Staunton, Sept. 24 – Putin’s expanded war in Ukraine has already led to the loss of three percent of the 1500 remaining Saamis in northwestern Russia, a development that has attracted attention as has the return of two Russian criminals who killed a Saami but now have come back after service in the Wagner PMC as heroes.
But a more serious threat to the future of Russia’s Saami nation involves Moscow’s plans to develop lithium and palladium mining in the remaining Saami areas inside the Russian Federation to compensate for the cutting off of supplies of these two rare earth minerals from Western countries (severreal.org/a/narod-zapugan-podavlen-chto-zhdet-saamov-iz-za-voyny/32606238.html and vedomosti.ru/business/articles/2022/09/13/940517-sozdat-dobichu-redkih-metallov).

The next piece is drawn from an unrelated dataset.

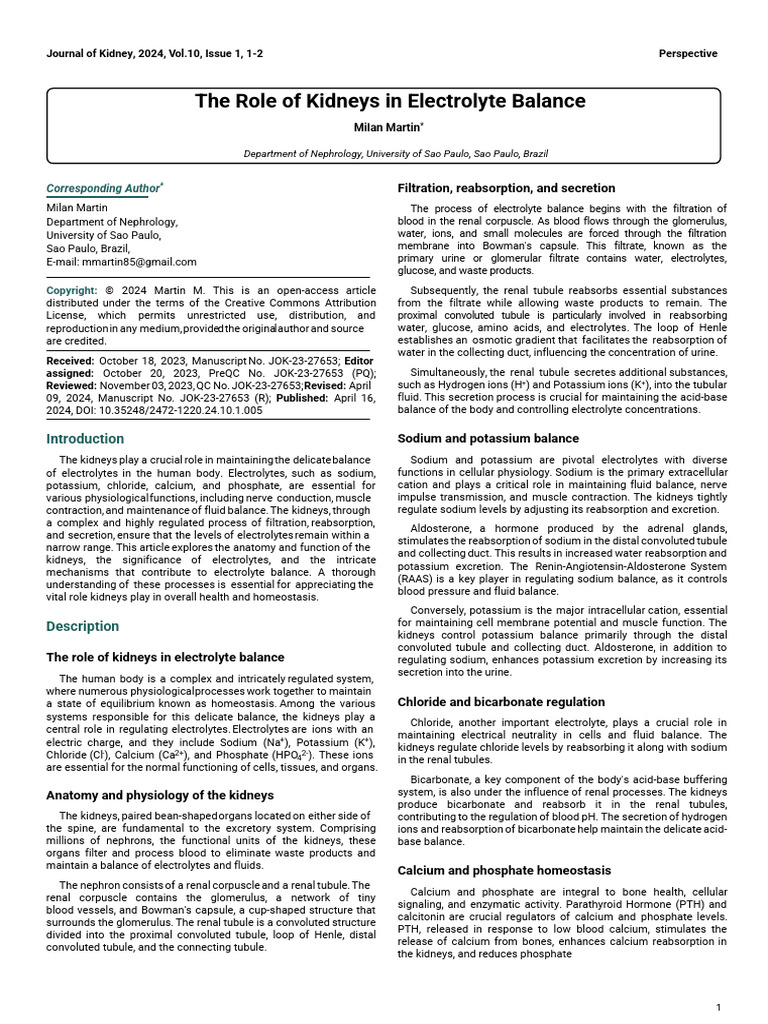 Kidneys and Electrolyte Balance Explained | PDF | Kidney | Homeostasis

Lithium and palladium are important components in batteries and catalytic converters, but they are notoriously difficult to mine and handle. If Moscow’s plan to mine both in the Murmansk areas where Russia’s Saami live, much of the remaining traditional environment is likely to be destroyed and with it the basis of their national survival.
Few Saami activists remain at large in Russia and most of the remaining population is too frightened to complain, but the larger Saami populations in Scandinavia – there are 60,000 Saami in Norway, 15,000 in Sweden and 5,000 in Finland – are alarmed and have been calling for the Scandinavian countries to take in the remaining Saami of Russia.
They have had some success: Even though Norway has stopped issuing visas to Russians, Oslo has made an exception in the case of the Saami and some of them have emigrated. But Moscow has launched a propaganda campaign against that and so the numbers have still be small (indigenous-russia.com/archives/26889).